To make the train stop, you must throw yourself in front. Your whole self. Your fear of flying. Your family.
You must throw yourself in front of the train, but still it may not be enough. These trains move very fast. We must not ask why.
Maybe the train will stop for a week. That seems fair. A week, just to make sure. A week, to take this seriously, at a gentleman’s request.
But I am so tired.
I am so tired of this constant parade of pain.
In the Bible, Thomas says he will not believe what Jesus has survived unless he can stick his hand into the wounds. But this is not a reasonable thing to ask of someone who is not God, to stick your hand into their wound. I am tired of watching people become wounds. Half the Internet is a wound. Have you stuck your hand in it enough? Do you believe yet? The #MeToo movement lurches forward over a path of scars. The change is so slow and the sacrifice it demands so great.
Even as she testified Thursday, Christine Blasey Ford kept apologizing. (“I’m sorry,” she said. “I can read fast!” she said. She was here to be “helpful,” she said.)
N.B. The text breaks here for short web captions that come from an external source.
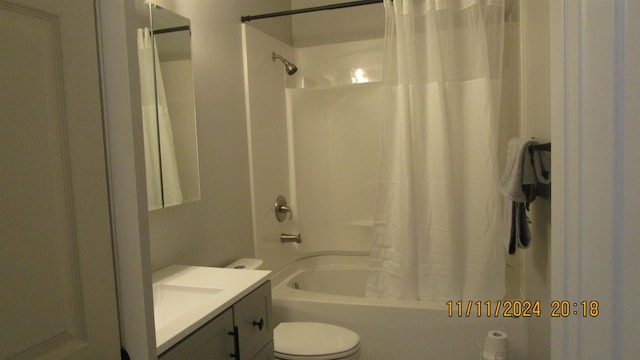 full bathroom with vanity, toilet, and shower / tub combo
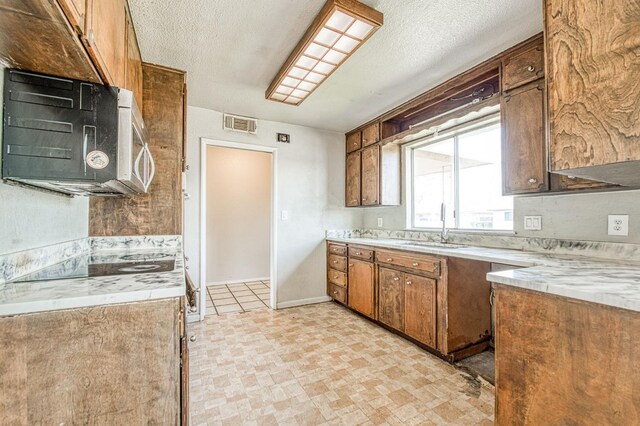 kitchen featuring visible vents, a sink, a textured ceiling, brown cabinetry, and light countertops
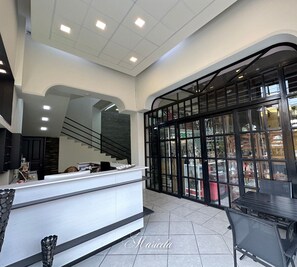 Vestíbulo de hotel con mostrador de recepción, una escalera y un separador de vidrio que ofrece vistas a la calle.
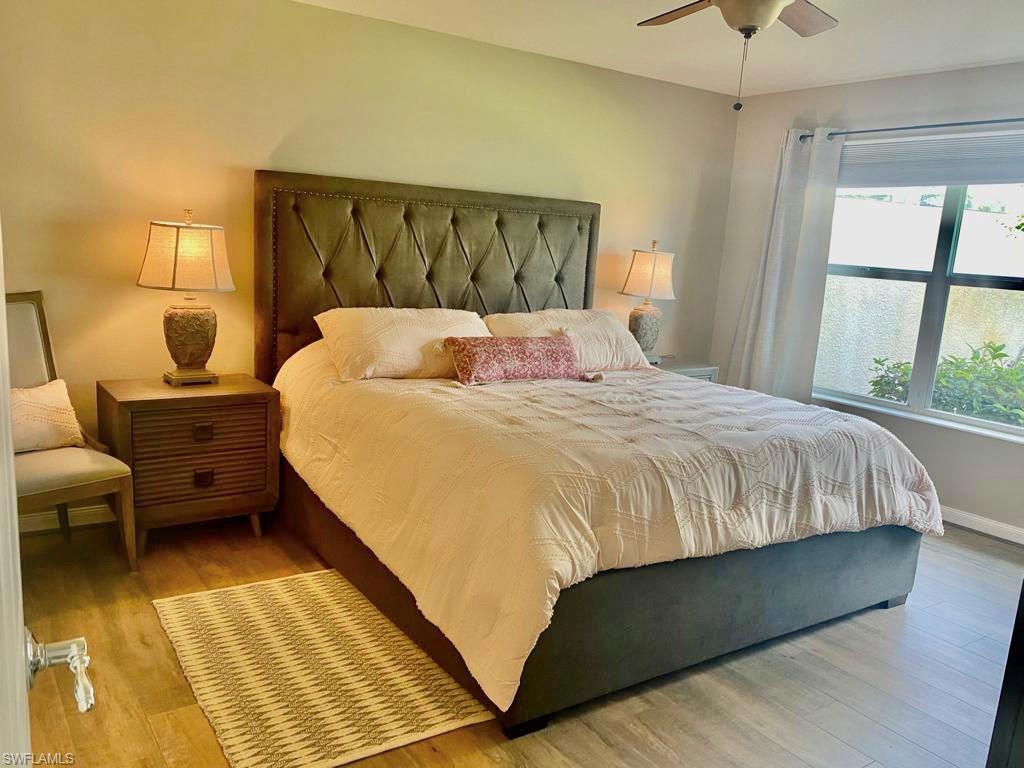 7310 Salerno Court Naples, FL 34114 - Photo 16 of 46 Primary Bedroom - looks out to Lake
Someday I want to not be tired.
Someday I want us not to apologize.
Women are used to squinting to see our own stories in the stories of others. To reading ourselves into the words “all men are created equal.” To being the thing tied to the tracks to raise the stakes.
I am so tired of the moment when you discover how little your weight counts against the train’s.
I want us to be the train and not the thing thrown under it.
I want us to be the thing too urgent to be stopped, not the thing that must curl up apologetically to make room for it.
Is it too much to ask to be the train sometimes? Not all the time, just sometimes.
I am so tired of watching us jump.
I am so tired of watching the trains keep going.